You may optionally install Trendz Analytics at any time. The Trendz compose file extends the main docker-compose.yml — always run them together.

  1. Create the Trendz database in PostgreSQL:

    Terminal window
    docker compose -f docker-compose.yml exec -it postgres psql -U postgres -c "CREATE DATABASE trendz;"
  2. Create the docker-compose-trendz.yml file with the following content:

    docker-compose-trendz.yml
    services:
    trendz:
    restart: always
    image: "thingsboard/trendz:1.15.1"
    ports:
    - "8888:8888"
    environment:
    TB_API_URL: http://thingsboard-pe:8080
    SPRING_DATASOURCE_URL: jdbc:postgresql://postgres:5432/trendz
    SPRING_DATASOURCE_USERNAME: postgres
    SPRING_DATASOURCE_PASSWORD: postgres
    SCRIPT_ENGINE_DOCKER_PROVIDER_URL: trendz-python-executor:8181
    SCRIPT_ENGINE_TIMEOUT: 30000
    volumes:
    - trendz-conf:/trendz-config-files
    - trendz-data:/data
    depends_on:
    postgres:
    condition: service_healthy
    trendz-python-executor:
    restart: always
    image: "thingsboard/trendz-python-executor:1.15.1"
    ports:
    - "8181:8181"
    environment:
    EXECUTOR_MANAGER: 1
    EXECUTOR_SCRIPT_ENGINE: 6
    THROTTLING_QUEUE_CAPACITY: 10
    THROTTLING_THREAD_POOL_SIZE: 6
    NETWORK_BUFFER_SIZE: 5242880
    volumes:
    - trendz-python-executor-conf:/python-executor-config-files
    - trendz-python-executor-data:/data
    volumes:
    trendz-conf:
    name: trendz-conf
    driver: local
    trendz-data:
    name: trendz-data
    driver: local
    trendz-python-executor-conf:
    name: trendz-python-executor-conf
    driver: local
    trendz-python-executor-data:
    name: trendz-python-executor-data
    driver: local
ParameterDescription
8888:8888Trendz HTTP port
trendz-confDocker volume for Trendz configuration
trendz-dataDocker volume for Trendz data
trendz-python-executor-confDocker volume for Trendz Python executor configuration
trendz-python-executor-dataDocker volume for Trendz Python executor data

Bring up all containers (including Trendz) as a single Compose project:

Terminal window
docker compose -f docker-compose.yml -f docker-compose-trendz.yml up -d
docker compose -f docker-compose.yml -f docker-compose-trendz.yml logs -f thingsboard-pe

Stream ThingsBoard logs:

Terminal window
docker compose -f docker-compose.yml -f docker-compose-trendz.yml logs -f thingsboard-pe

Stream Trendz logs:

Terminal window
docker compose -f docker-compose.yml -f docker-compose-trendz.yml logs -f trendz

Stop all containers:

Terminal window
docker compose -f docker-compose.yml -f docker-compose-trendz.yml down

Start all containers:

Terminal window
docker compose -f docker-compose.yml -f docker-compose-trendz.yml up -d

Trendz Analytics has a different version system and should be updated separately from the ThingsBoard platform. See Trendz Docker Upgrade.

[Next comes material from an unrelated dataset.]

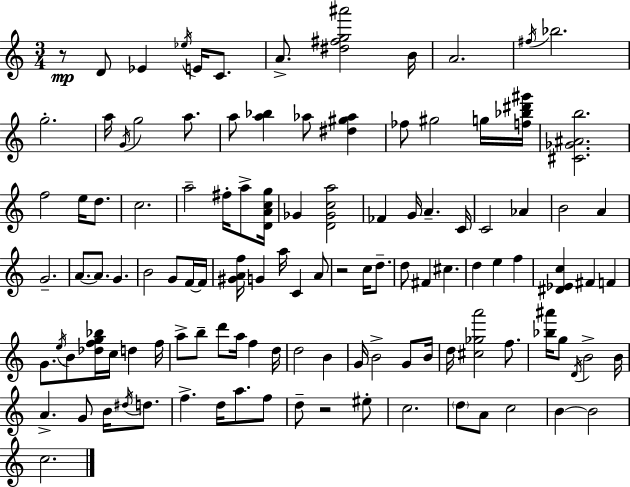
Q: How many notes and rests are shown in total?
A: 115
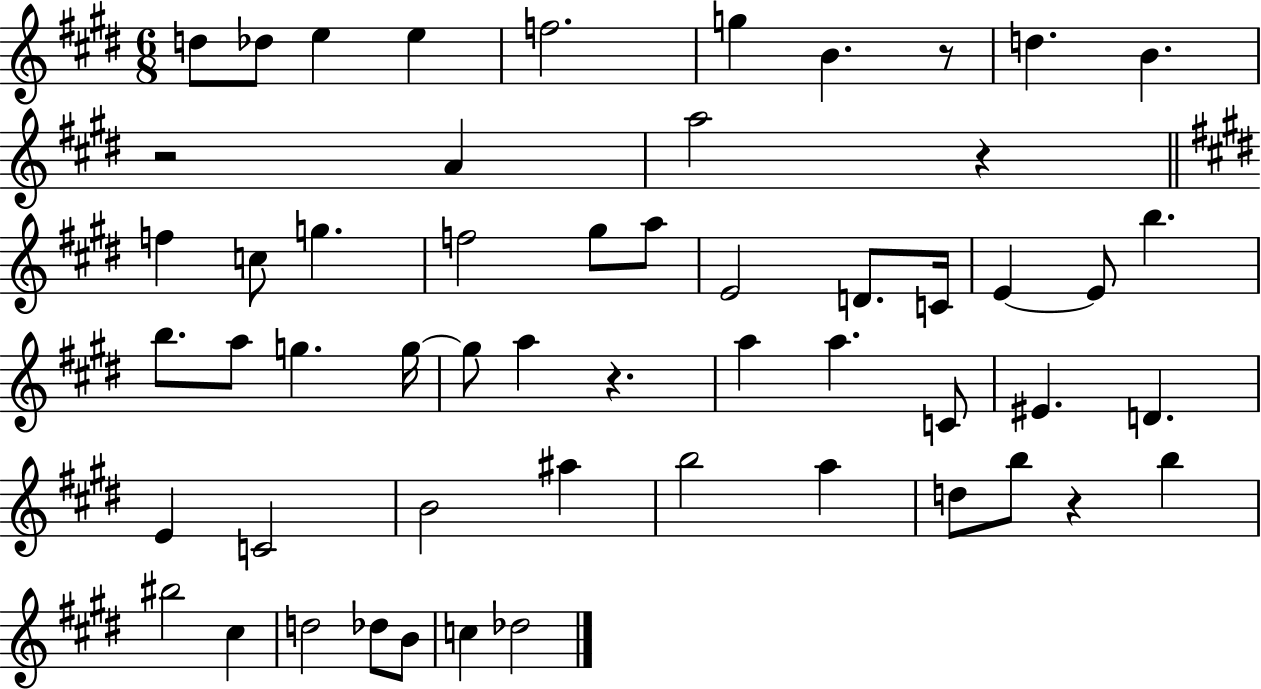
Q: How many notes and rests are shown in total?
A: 55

When a new ThingsBoard release becomes available, update your installation to benefit from the latest features and security patches.

See the Upgrade Instructions for detailed steps.

If you observe errors related to DNS issues, for example:

Terminal window
127.0.1.1:53: cannot unmarshal DNS message

Configure your system to use Google public DNS servers.